* [Work instruction] Could you filter the records below and return each line that holds "Black"?

====== Supplied records ======

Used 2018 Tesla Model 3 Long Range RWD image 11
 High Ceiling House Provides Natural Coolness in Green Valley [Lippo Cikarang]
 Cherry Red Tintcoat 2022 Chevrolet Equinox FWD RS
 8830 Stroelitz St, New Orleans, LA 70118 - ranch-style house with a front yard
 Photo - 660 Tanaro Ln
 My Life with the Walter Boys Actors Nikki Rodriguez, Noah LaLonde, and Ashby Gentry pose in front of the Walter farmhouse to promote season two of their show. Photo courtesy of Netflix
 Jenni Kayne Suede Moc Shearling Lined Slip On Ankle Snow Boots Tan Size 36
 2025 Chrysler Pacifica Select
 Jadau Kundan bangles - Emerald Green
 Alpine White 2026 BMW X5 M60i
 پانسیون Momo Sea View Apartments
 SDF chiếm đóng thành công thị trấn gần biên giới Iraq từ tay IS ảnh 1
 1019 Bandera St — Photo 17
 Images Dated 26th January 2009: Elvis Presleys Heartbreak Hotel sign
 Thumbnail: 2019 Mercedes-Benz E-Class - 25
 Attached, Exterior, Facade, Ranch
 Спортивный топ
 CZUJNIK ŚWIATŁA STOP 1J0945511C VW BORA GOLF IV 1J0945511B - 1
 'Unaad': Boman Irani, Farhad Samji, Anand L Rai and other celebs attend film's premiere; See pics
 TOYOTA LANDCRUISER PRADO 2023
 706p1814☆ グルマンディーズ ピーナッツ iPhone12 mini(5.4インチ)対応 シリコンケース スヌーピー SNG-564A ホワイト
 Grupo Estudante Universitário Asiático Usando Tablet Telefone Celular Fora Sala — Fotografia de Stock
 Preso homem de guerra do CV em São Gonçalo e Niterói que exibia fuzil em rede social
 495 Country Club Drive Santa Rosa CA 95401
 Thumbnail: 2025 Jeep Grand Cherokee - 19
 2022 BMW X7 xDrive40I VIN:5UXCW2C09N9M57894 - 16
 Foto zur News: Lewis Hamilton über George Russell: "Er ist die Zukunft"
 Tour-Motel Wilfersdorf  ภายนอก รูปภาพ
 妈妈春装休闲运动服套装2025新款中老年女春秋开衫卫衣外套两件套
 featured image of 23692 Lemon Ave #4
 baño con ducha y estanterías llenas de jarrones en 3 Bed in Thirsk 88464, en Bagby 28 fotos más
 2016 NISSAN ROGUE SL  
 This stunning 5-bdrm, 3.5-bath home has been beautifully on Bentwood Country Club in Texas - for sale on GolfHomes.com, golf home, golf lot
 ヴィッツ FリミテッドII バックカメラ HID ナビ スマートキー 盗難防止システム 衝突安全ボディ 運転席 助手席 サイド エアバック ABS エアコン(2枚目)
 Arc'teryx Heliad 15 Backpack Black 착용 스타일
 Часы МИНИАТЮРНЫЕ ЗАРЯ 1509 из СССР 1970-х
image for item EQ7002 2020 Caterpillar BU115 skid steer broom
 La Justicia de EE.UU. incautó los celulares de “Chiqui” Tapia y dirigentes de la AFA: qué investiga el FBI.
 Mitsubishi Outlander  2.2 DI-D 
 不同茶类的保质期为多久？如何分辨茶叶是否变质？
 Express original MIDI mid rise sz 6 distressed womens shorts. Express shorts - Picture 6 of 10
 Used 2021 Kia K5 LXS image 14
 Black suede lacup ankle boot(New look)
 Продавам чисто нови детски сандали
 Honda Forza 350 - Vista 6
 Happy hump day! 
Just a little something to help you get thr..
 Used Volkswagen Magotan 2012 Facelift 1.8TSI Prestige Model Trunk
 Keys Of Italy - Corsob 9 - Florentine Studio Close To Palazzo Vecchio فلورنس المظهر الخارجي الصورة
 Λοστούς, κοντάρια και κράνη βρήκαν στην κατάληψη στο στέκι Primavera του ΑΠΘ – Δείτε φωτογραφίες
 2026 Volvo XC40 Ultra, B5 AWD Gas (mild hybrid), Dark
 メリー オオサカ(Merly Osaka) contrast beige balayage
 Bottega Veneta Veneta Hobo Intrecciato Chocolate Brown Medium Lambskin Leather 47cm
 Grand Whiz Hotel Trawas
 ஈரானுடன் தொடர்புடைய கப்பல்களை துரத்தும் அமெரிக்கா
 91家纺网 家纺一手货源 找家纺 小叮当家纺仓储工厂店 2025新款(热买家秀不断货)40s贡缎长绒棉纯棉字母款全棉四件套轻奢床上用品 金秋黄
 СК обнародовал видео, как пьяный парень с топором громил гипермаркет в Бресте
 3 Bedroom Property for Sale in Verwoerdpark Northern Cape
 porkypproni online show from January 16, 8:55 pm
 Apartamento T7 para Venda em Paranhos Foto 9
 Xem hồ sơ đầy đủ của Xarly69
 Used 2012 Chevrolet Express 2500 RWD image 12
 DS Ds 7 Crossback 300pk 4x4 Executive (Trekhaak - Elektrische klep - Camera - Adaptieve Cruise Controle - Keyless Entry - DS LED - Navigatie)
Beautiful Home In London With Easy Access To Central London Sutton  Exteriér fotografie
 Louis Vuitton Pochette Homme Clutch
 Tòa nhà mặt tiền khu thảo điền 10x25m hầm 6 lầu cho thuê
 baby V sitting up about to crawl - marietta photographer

======

* [Your response]
 Arc'teryx Heliad 15 Backpack Black 착용 스타일
 Black suede lacup ankle boot(New look)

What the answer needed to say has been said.